ABOUT THIS EXERCISE:
Below are entries to return in full. Keep each one exact.

Brief descriptive captions:
------------------------------

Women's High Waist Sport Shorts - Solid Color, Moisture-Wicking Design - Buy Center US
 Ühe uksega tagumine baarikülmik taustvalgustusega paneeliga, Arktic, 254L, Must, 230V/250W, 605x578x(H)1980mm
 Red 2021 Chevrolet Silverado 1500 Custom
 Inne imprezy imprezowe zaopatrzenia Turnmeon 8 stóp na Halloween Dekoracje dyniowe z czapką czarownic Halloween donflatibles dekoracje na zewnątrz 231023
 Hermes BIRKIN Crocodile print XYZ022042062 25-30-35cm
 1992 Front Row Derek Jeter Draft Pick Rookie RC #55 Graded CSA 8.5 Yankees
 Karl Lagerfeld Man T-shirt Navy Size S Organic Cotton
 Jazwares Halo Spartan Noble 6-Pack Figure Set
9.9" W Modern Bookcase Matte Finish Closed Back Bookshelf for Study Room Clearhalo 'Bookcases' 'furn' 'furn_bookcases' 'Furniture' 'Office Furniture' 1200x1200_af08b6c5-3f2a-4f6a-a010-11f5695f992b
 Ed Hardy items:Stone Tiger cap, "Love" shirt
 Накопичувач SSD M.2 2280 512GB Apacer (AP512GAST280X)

------------------------------

WRITTEN ANSWER:
Women's High Waist Sport Shorts - Solid Color, Moisture-Wicking Design - Buy Center US
 Ühe uksega tagumine baarikülmik taustvalgustusega paneeliga, Arktic, 254L, Must, 230V/250W, 605x578x(H)1980mm
 Red 2021 Chevrolet Silverado 1500 Custom
 Inne imprezy imprezowe zaopatrzenia Turnmeon 8 stóp na Halloween Dekoracje dyniowe z czapką czarownic Halloween donflatibles dekoracje na zewnątrz 231023
 Hermes BIRKIN Crocodile print XYZ022042062 25-30-35cm
 1992 Front Row Derek Jeter Draft Pick Rookie RC #55 Graded CSA 8.5 Yankees
 Karl Lagerfeld Man T-shirt Navy Size S Organic Cotton
 Jazwares Halo Spartan Noble 6-Pack Figure Set
9.9" W Modern Bookcase Matte Finish Closed Back Bookshelf for Study Room Clearhalo 'Bookcases' 'furn' 'furn_bookcases' 'Furniture' 'Office Furniture' 1200x1200_af08b6c5-3f2a-4f6a-a010-11f5695f992b
 Ed Hardy items:Stone Tiger cap, "Love" shirt
 Накопичувач SSD M.2 2280 512GB Apacer (AP512GAST280X)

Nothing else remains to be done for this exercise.